また、LakeFormation の Pemmision 設定ではtable1の参照権限が付与されています。

このテーブルに対してクエリ実行すると従来であれば S3 権限が無いためクエリに失敗しますが、
Datalake に登録済みの場合はクエリ実行に成功します。

これは Datalake に登録したパスにアクセスする場合、LakeFormation 側で一時的にデータカタログの操作に必要な権限を付与してくれる仕様のためです。

Table 許可あり、Datalake 未登録パス内データへのクエリ

not-regist-db.table2は Datalake として登録していない S3 パスにデータが保存されています。
また、LakeFormation の Pemmision 設定ではtable2.col2の参照権限が付与されています。
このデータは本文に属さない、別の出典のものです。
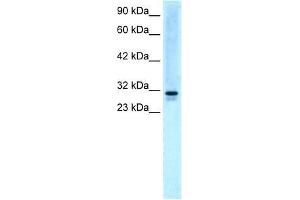 Human HepG2; WB Suggested Anti-EAP30 Antibody Titration: 5. (SNF8 抗体  (N-Term))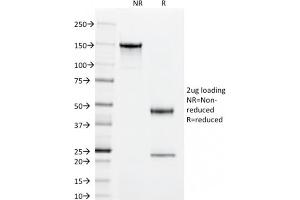 SDS-PAGE Analysis Purified CD55 Mouse Monoclonal Antibody (143-30). (CD55 Antikörper)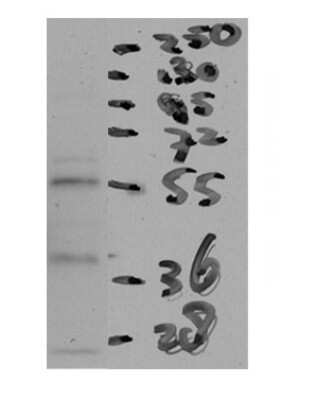 Western Blot: CETP Antibody [NBP1-57982]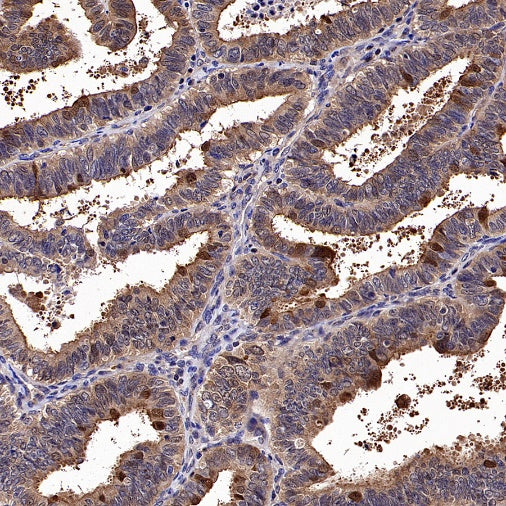 GCLM Recombinant Rabbit mAb (S-2209-19)
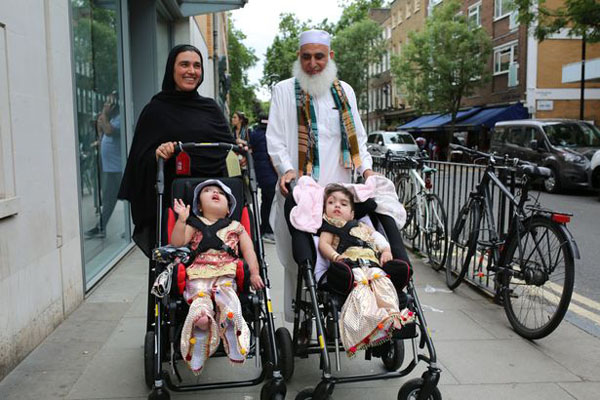 巴基斯坦连体双胞胎姐妹在伦敦分离头部 成功存活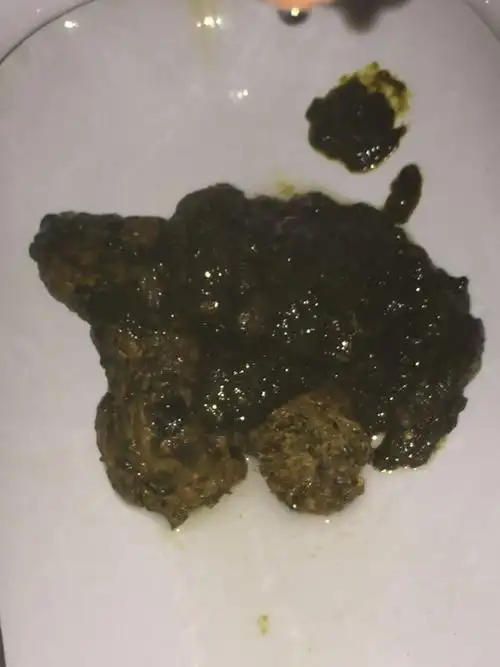 大便异常,有慢性肠胃炎这个便是消化道流血了吗 答题抽奖 首次日骀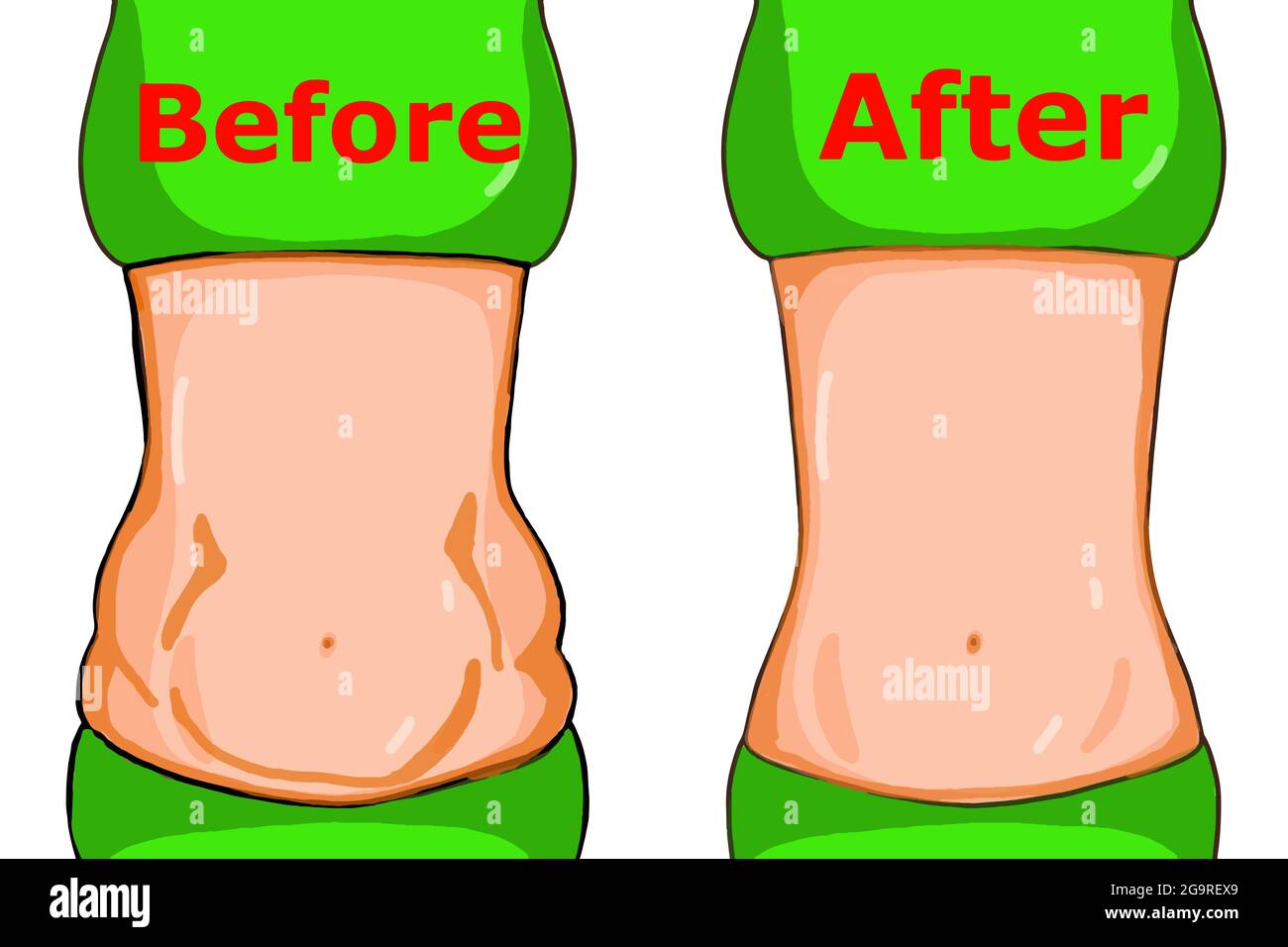 Female ,fit belly and fat belly illustration,after- before Stock Photo -  Alamy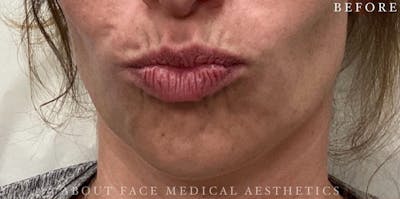 Dermal Filler Before & After Gallery - Patient 146210099 - Image 1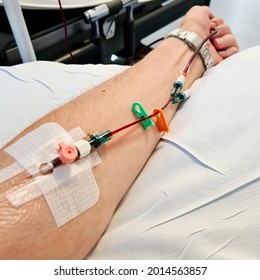 Cannula For Intravenous Iron Infusion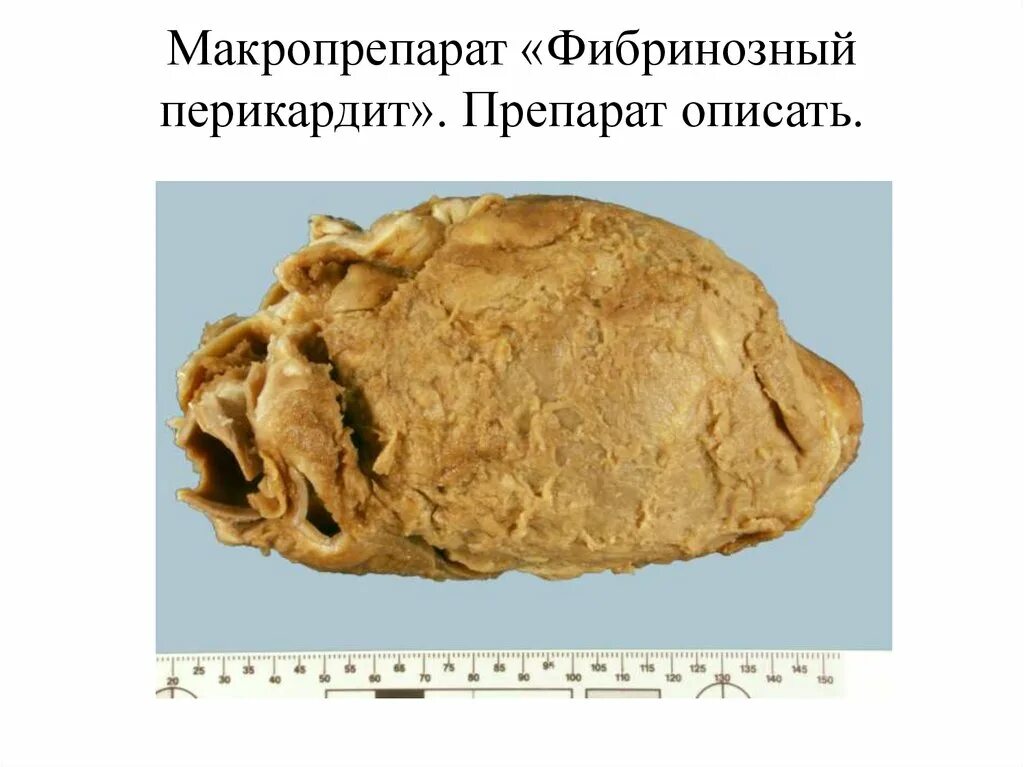 Воспаление - презентация онлайн
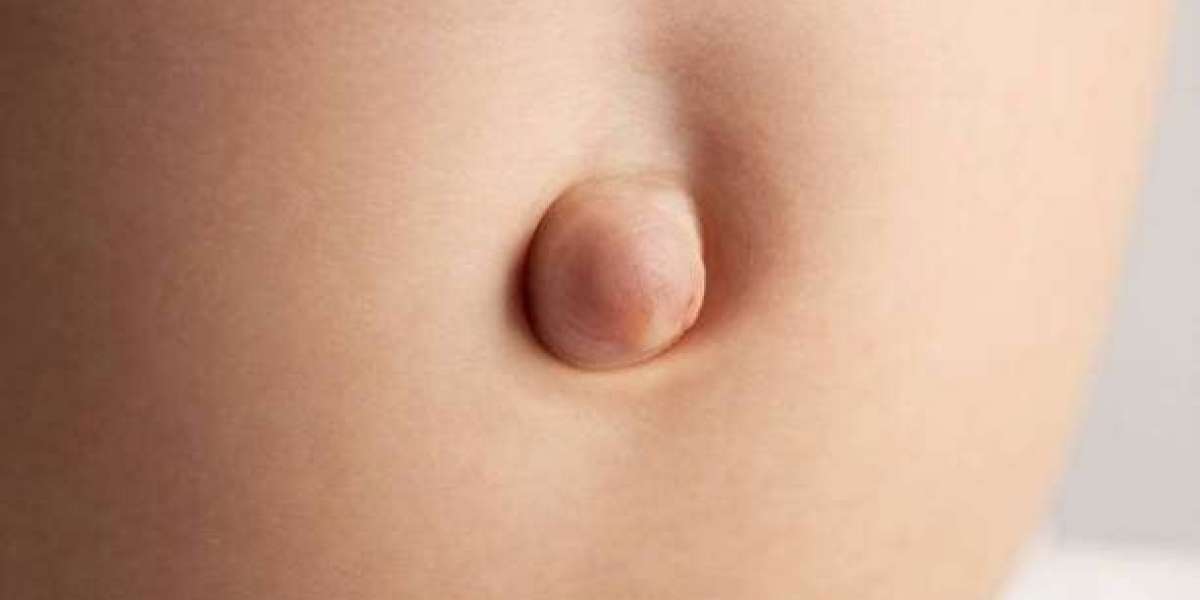Hernia Surgery Success Factors You Should Know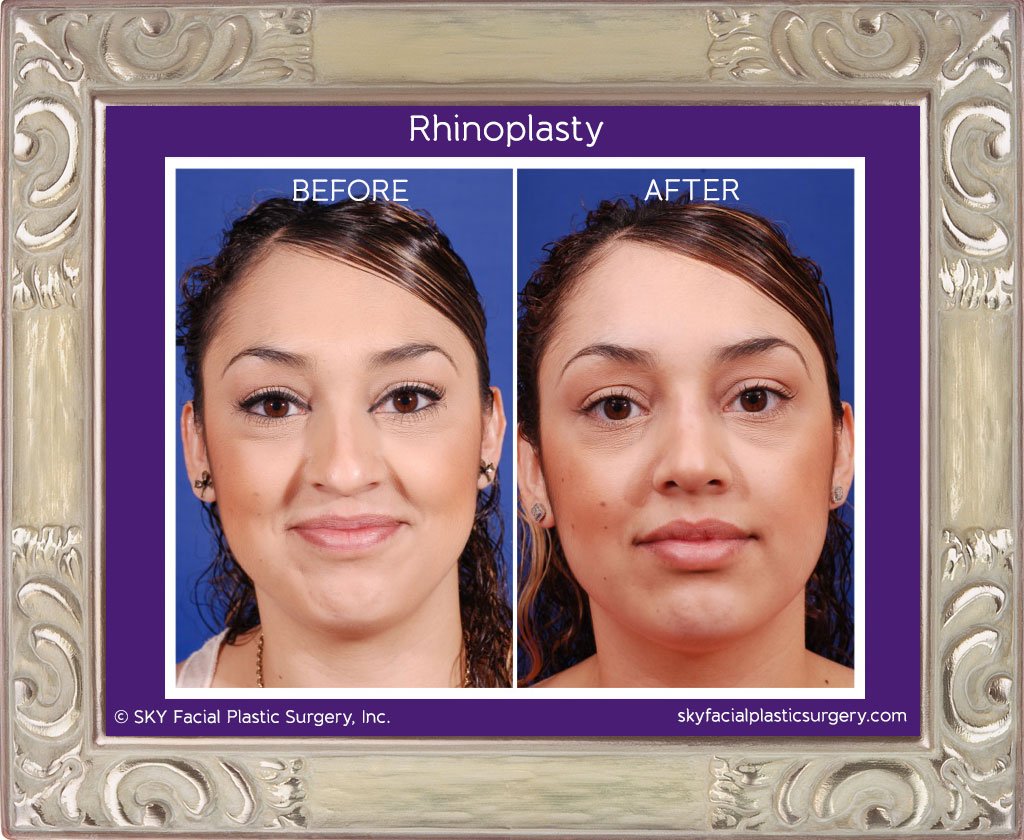 SKY-Facial-Plastic-Surgery-Rhinoplasty-5C.jpg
先程はクエリ実行に成功しましたが、S3 権限ポリシーがない状態でクエリ実行するとAccess Deniedとなります。

DataLake 未登録のデータを参照する際は LakeFormation の Permission があった場合でも、
LakeFormation 側で権限が付与されず、IAM のポリシー権限に依存するようになります。

まとめ

  • IAM ポリシーとは別にデータカタログへのアクセス権限を制御可能
    • DB、テーブル、カラム単位で制御可能
    • 権限のない DB・テーブルは一覧に表示されなくなる
  • Datalake 登録について
    • Datalake に登録した S3 パスへアクセスする場合、アクセスに必要な権限は自動的に付与される
    • 未登録のパスへのアクセス時は IAN のポリシーに依存する

これまではポリシーを駆使して実現してた権限制御が、LakeFormation を使うことで
より簡単、より細かく制御できるようになりました。また Datalake に登録していれば、
AWS の権限もよしなに付与してくれるので非常に便利ですね。
ぜひ皆さんも機会があれば利用してみてください。